**Problem to solve:** Within the material below, transcribe exactly the lines from the one holding "Мужская slim-футболка Жаркое" through the one holding "Frankfurt Main Hauptbahnhof", keeping both ends and skipping the rest.

**Entries supplied:**
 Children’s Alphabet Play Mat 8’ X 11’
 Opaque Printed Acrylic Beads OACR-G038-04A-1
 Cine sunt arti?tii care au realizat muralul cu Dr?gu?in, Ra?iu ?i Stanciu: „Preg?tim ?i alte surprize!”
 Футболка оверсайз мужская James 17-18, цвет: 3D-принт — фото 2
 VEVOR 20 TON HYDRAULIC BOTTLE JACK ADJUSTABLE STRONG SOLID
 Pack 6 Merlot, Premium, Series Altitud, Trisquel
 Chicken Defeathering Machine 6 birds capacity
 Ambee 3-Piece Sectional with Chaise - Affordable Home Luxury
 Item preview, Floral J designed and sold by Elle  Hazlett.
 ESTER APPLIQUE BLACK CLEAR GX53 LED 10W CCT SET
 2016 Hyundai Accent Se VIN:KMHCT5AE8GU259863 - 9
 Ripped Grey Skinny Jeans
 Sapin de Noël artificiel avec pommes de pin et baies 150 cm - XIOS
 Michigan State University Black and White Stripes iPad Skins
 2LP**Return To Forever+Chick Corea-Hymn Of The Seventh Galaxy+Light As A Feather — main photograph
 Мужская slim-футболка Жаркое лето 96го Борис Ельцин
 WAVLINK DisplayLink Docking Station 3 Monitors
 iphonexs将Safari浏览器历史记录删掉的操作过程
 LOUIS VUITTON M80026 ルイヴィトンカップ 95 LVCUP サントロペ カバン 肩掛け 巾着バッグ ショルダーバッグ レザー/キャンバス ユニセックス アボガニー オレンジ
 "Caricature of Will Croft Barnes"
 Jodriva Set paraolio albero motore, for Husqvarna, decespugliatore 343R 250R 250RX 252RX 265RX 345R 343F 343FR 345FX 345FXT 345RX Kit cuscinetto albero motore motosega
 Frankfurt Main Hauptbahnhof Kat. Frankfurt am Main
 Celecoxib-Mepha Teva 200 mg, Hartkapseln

**Output of the exercise:**
 Мужская slim-футболка Жаркое лето 96го Борис Ельцин
 WAVLINK DisplayLink Docking Station 3 Monitors
 iphonexs将Safari浏览器历史记录删掉的操作过程
 LOUIS VUITTON M80026 ルイヴィトンカップ 95 LVCUP サントロペ カバン 肩掛け 巾着バッグ ショルダーバッグ レザー/キャンバス ユニセックス アボガニー オレンジ
 "Caricature of Will Croft Barnes"
 Jodriva Set paraolio albero motore, for Husqvarna, decespugliatore 343R 250R 250RX 252RX 265RX 345R 343F 343FR 345FX 345FXT 345RX Kit cuscinetto albero motore motosega
 Frankfurt Main Hauptbahnhof Kat. Frankfurt am Main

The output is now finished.